Outre une oeuvre de jeunesse qu’il refuse pour l’instant de faire traduire – Naturaleza, écrit à l’âge de 25 ans – ses trois romans forment ce que Dominique Blanc a appelé un tryptique. Il s’agit de La deuda en 1998 (La dette, Verdier 2003), La partitura en 1999 (La partition, Verdier 2008) et Eden en 2000 (Eden, Verdier 2004). Comme vous avez dû le constater si vous êtes un lecteur attentif, l’ordre de traduction de ces trois romans ne respecte pas leur ordre de parution en Espagne. En effet, La partition n’est pas le dernier roman de Felipe Hernandez, mais bien son avant-dernier. De quel genre de tryptique peut-il bien s’agir pour que l’ordre de lecture des romans  qui le composent n’ait aucune espèce d’influence sur leur compréhension ? En fait, il n’existe entre La dette, La partition et Eden, aucune unité d’intrigues, de personnages, de lieux, ni même de temps ! Cela ne les empêche guère de constituer un ensemble traversé par le même lien thématique : on retrouve au sein de chacun d’entre eux cette même notion de dette, ainsi que l’inversion du rapport de force initial entre un être dominant et un autre dominé, à l’image du combat de Job, dans l’Ancien Testament. La Bible est d’ailleurs très présente dans l’oeuvre de Felipe Hernandez, qui se remémore en plaisantant un vieux rêve de jeunesse : enfant, il s’imaginait en écrire la suite… A l’image de la plupart des écrivains de la péninsule ibérique, il a été également très influencé par les grands noms de la scène littéraire latino-américaine, comme un Gabriel Garcia Marquez3 ou un Juan Rulfo4.

 

Enfin, l’auteur a partagé avec nous sa conception de la littérature et du rôle de l’écrivain. En un mot, pour avoir une chance de laisser une empreinte dans l’histoire des Lettres, les romanciers doivent être des visionnaires. Un bon roman ne doit pas être seulement bien écrit et divertissant, il doit être engagé d’une forme ou d’une autre et amener son lecteur à réfléchir. Maintenant, à vous de déterminer si Felipe Hernandez a relevé le défi !
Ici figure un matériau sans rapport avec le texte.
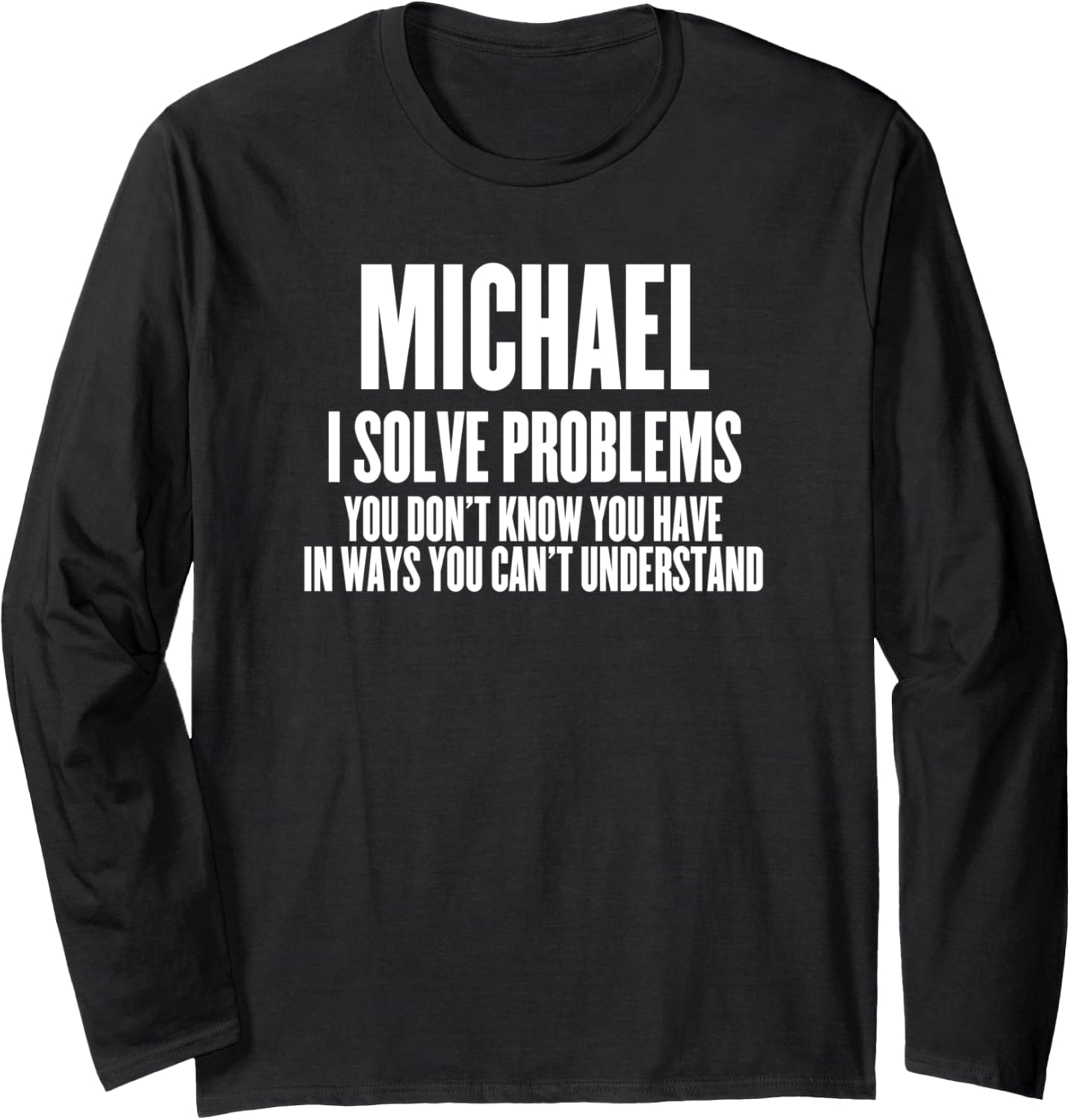 Funny Sarcastic First Name Michael Long Sleeve Apparel | Viral Streetwear Style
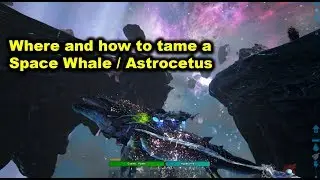 Ark Genesis | Where and how to tame a Space whale / Astrocetus
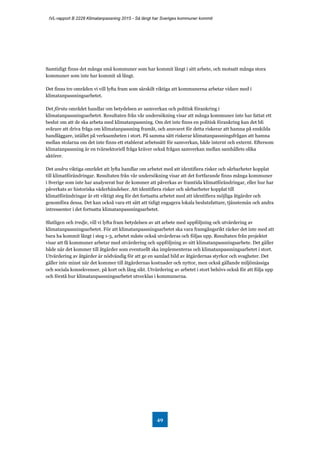 IVL-rapport B 2228 Klimatanpassning 2015 - Så långt har Sveriges kommuner kommit
49
Samtidigt finns det många små kommuner som har kommit långt i sitt arbete, och motsatt många stora
kommuner som inte har kommit så långt.
Det finns tre områden vi vill lyfta fram som särskilt viktiga att kommunerna arbetar vidare med i
klimatanpassningsarbetet.
Det första området handlar om betydelsen av samverkan och politisk förankring i
klimatanpassningsarbetet. Resultaten från vår undersökning visar att många kommuner inte har fattat ett
beslut om att de ska arbeta med klimatanpassning. Om det inte finns en politisk förankring kan det bli
svårare att driva fråga om klimatanpassning framåt, och ansvaret för detta riskerar att hamna på enskilda
handläggare, istället på verksamheten i stort. På samma sätt riskerar klimatanpassningsfrågan att hamna
mellan stolarna om det inte finns ett etablerat arbetssätt för samverkan, både internt och externt. Eftersom
klimatanpassning är en tvärsektoriell fråga kräver också frågan samverkan mellan samhällets olika
aktörer.
Det andra viktiga området att lyfta handlar om arbetet med att identifiera risker och sårbarheter kopplat
till klimatförändringar. Resultaten från vår undersökning visar att det fortfarande finns många kommuner
i Sverige som inte har analyserat hur de kommer att påverkas av framtida klimatförändringar, eller hur har
påverkats av historiska väderhändelser. Att identifiera risker och sårbarheter kopplat till
klimatförändringar är ett viktigt steg för det fortsatta arbetet med att identifiera möjliga åtgärder och
genomföra dessa. Det kan också vara ett sätt att tidigt engagera lokala beslutsfattare, tjänstemän och andra
intressenter i det fortsatta klimatanpassningsarbetet.
Slutligen och tredje, vill vi lyfta fram betydelsen av att arbete med uppföljning och utvärdering av
klimatanpassningsarbetet. För att klimatanpassningsarbetet ska vara framgångsrikt räcker det inte med att
bara ha kommit långt i steg 1-3, arbetet måste också utvärderas och följas upp. Resultaten från projektet
visar att få kommuner arbetar med utvärdering och uppföljning av sitt klimatanpassningsarbete. Det gäller
både när det kommer till åtgärder som eventuellt ska implementeras och klimatanpassningsarbetet i stort.
Utvärdering av åtgärder är nödvändig för att ge en samlad bild av åtgärdernas styrkor och svagheter. Det
gäller inte minst när det kommer till åtgärdernas kostnader och nyttor, men också gällande miljömässiga
och sociala konsekvenser, på kort och lång sikt. Utvärdering av arbetet i stort behövs också för att följa upp
och förstå hur klimatanpassningsarbetet utvecklas i kommunerna.
 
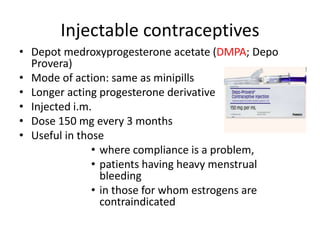 Injectable contraceptives
• Depot medroxyprogesterone acetate (DMPA; Depo
Provera)
• Mode of action: same as minipills
• Longer acting progesterone derivative
• Injected i.m.
• Dose 150 mg every 3 months
• Useful in those
• where compliance is a problem,
• patients having heavy menstrual
bleeding
• in those for whom estrogens are
contraindicated
 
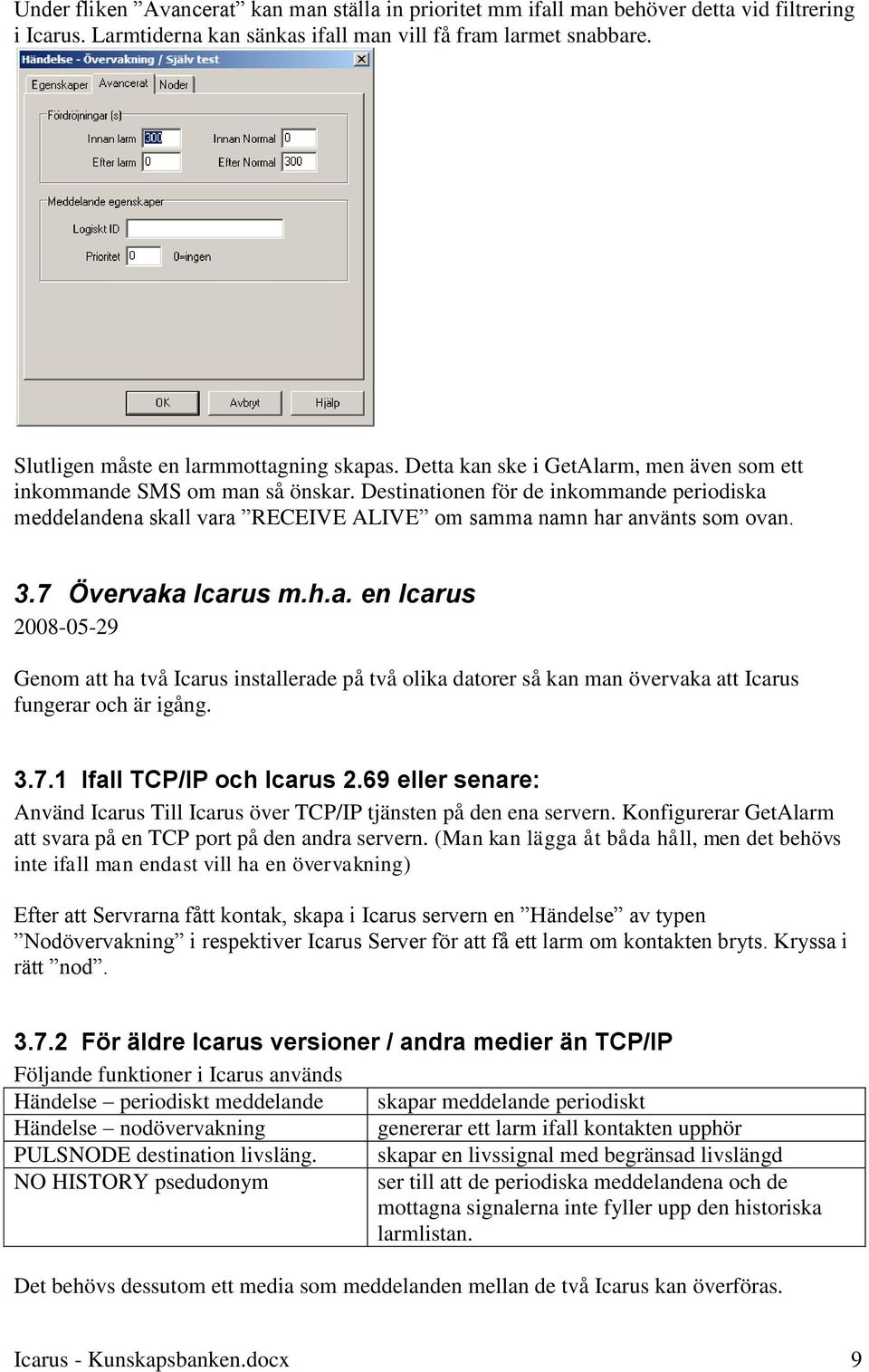 Destinationen för de inkommande periodiska meddelandena skall vara RECEIVE ALIVE om samma namn har använts som ovan. 3.7 Övervaka Icarus m.h.a. en Icarus 2008-05-29 Genom att ha två Icarus installerade på två olika datorer så kan man övervaka att Icarus fungerar och är igång.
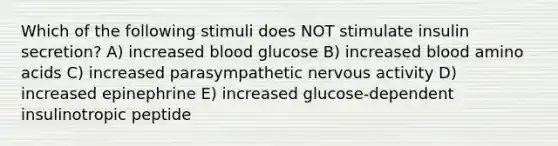 Which of the following stimuli does NOT stimulate insulin secretion? A) increased blood glucose B) increased blood amino acids C) increased parasympathetic nervous activity D) increased epinephrine E) increased glucose-dependent insulinotropic peptide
1 Ce tour de France permet à une vingtaine d’auteurs (notamment Vassili Alexakis, Marcello Fois, Imre Kertèsz, Claudio Magris, Colum McCann, Ian McEwan, Boris Pahor, ou encore Gonçalo Tavares) de venir à la rencontre des lecteurs de l’hexagone entre les mois d’octobre et de décembre de cette année.

2 Il s’agit dans les deux cas d’étancher la soif d’immortalité des hommes. Pour autant, cette comparaison a ses limites dans la mesure où la fonction du tableau imaginé par Wilde est de disparaître alors que l’homme pourra continuer à vivre, tandis que la partition d’Hernandez, plus réaliste, ne remet pas fondamentalement en question la mortalité de l’humain. Il s’agit donc plutôt d’une belle mise en abyme de l’idéal de l’écrivain en tant que créateur.

3 Né en Colombie en 1927, cet écrivain majeur (lauréat du Prix Nobel de littérature en 1982) est l’auteur d’une vingtaine de romans et nouvelles, dont Cent ans de solitude, et L’amour aux temps du choléra, qui a fait l’objet d’une adaptation cinématographique sous l’égide de Mike Newell en 2007.

4 Le nom de cet écrivain mexicain (1917-1986) est essentiellement attaché au superbe roman intitulé Pedro Pàramo.